### Aim of the task
Your task is to transcribe, word for word, the line containing "Amsterdam 11 september 2025" and all lines that follow it to the end of the entries. Leave out the pictures.

### Input
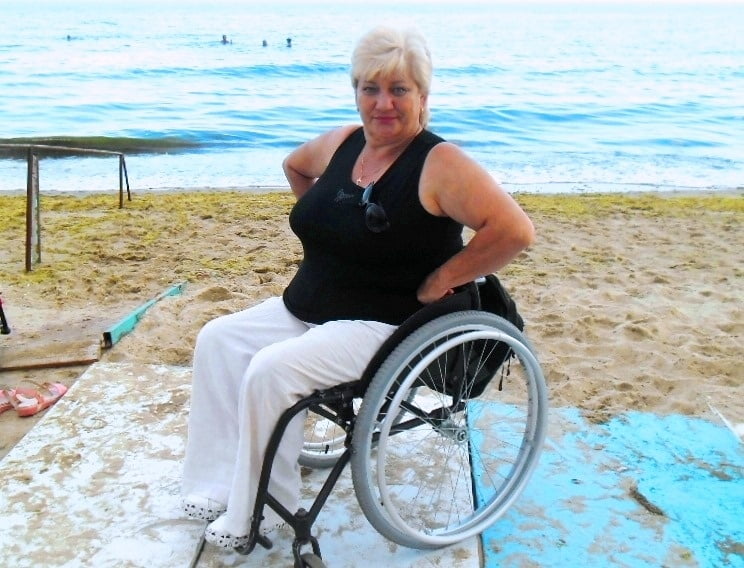 Russische Polio-Dame in ihrem Rollstuhl
 #96949976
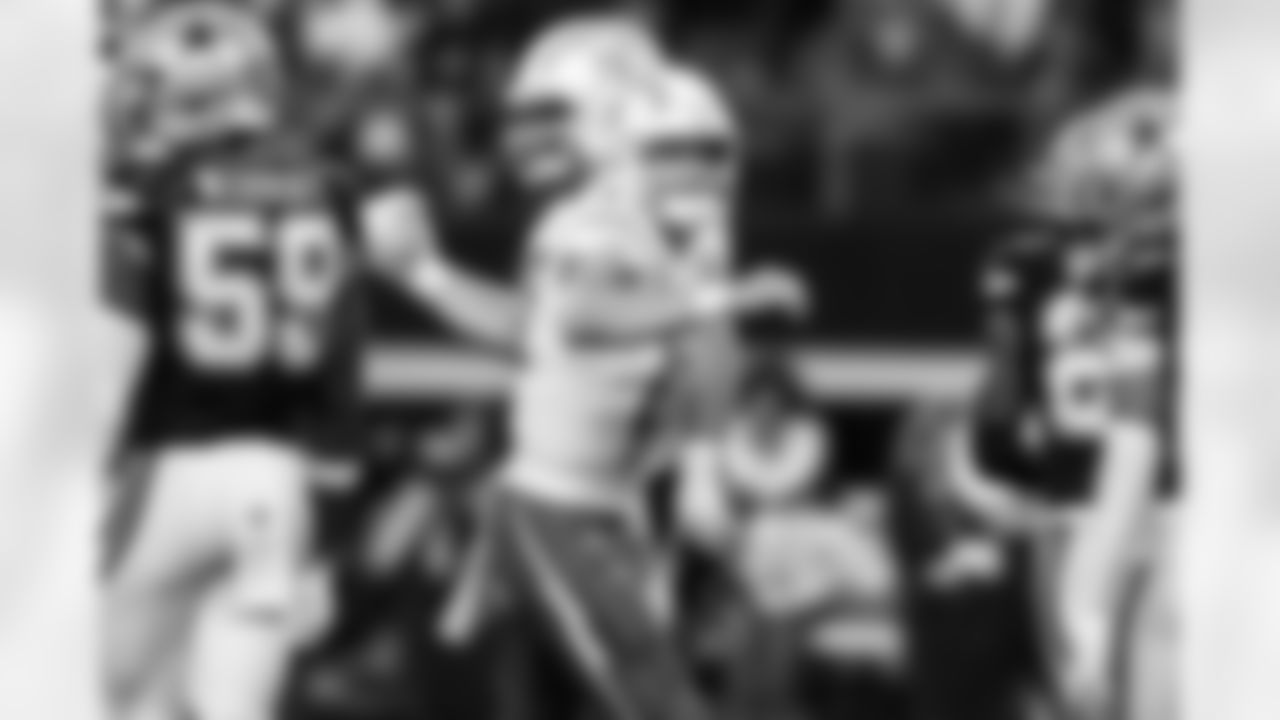 QB Justin Herbert (10)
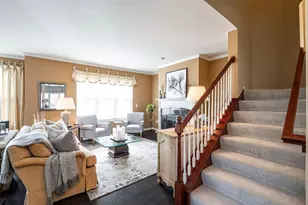 3870 S Lake Dr, Saint Francis, WI 53235 - Photo 25
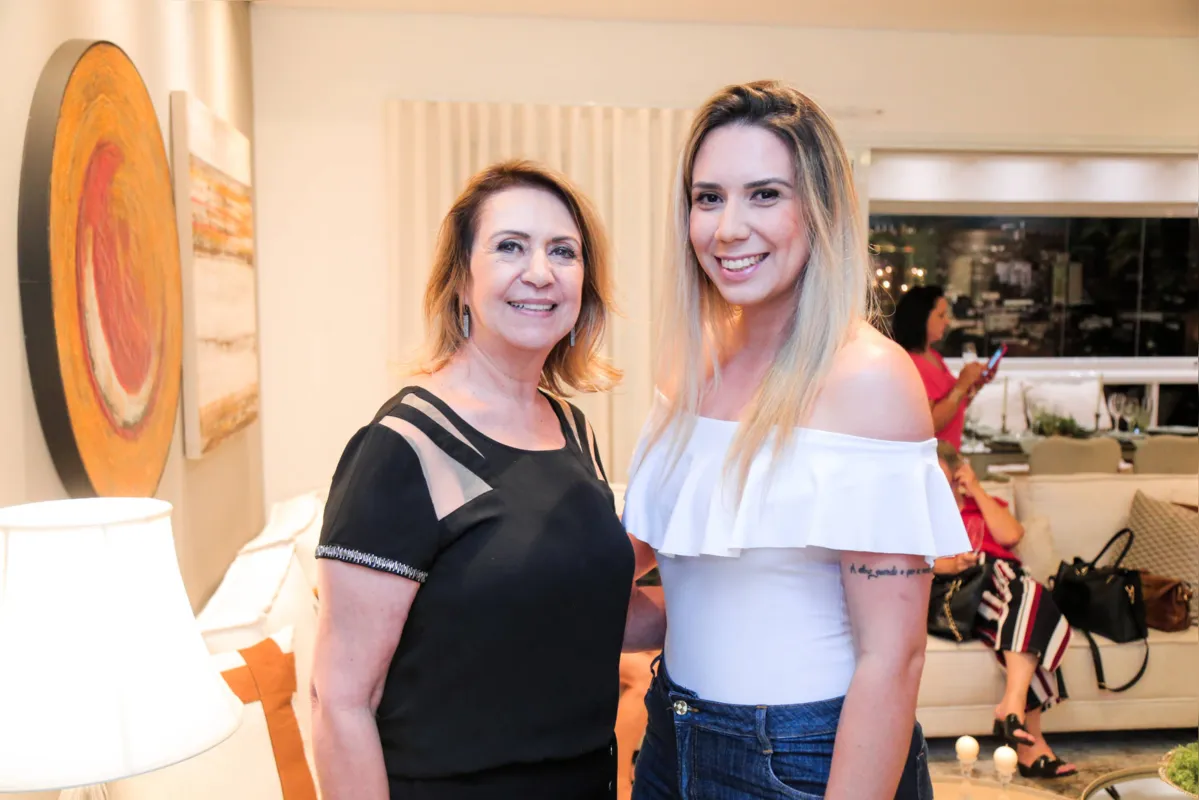 Cida Munhon e Vanessa Souza 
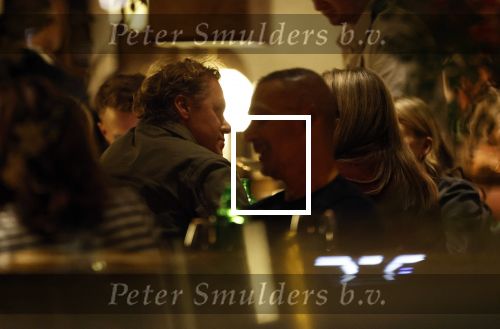 Amsterdam 11 september 2025
Linda de Mol Jeroen Rietbergen Noa Vahle Julian Vahle en zijn vriendin Chelsea Weimar zijn gezellig uitetetn in de nieuwe Hotspot van Amsterdam Restaurant Toet . Ook Ruud Gullit en zijn vriendin Karin de Rooij waren aanwezig .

### Answer to this exercise
 Amsterdam 11 september 2025
Linda de Mol Jeroen Rietbergen Noa Vahle Julian Vahle en zijn vriendin Chelsea Weimar zijn gezellig uitetetn in de nieuwe Hotspot van Amsterdam Restaurant Toet . Ook Ruud Gullit en zijn vriendin Karin de Rooij waren aanwezig .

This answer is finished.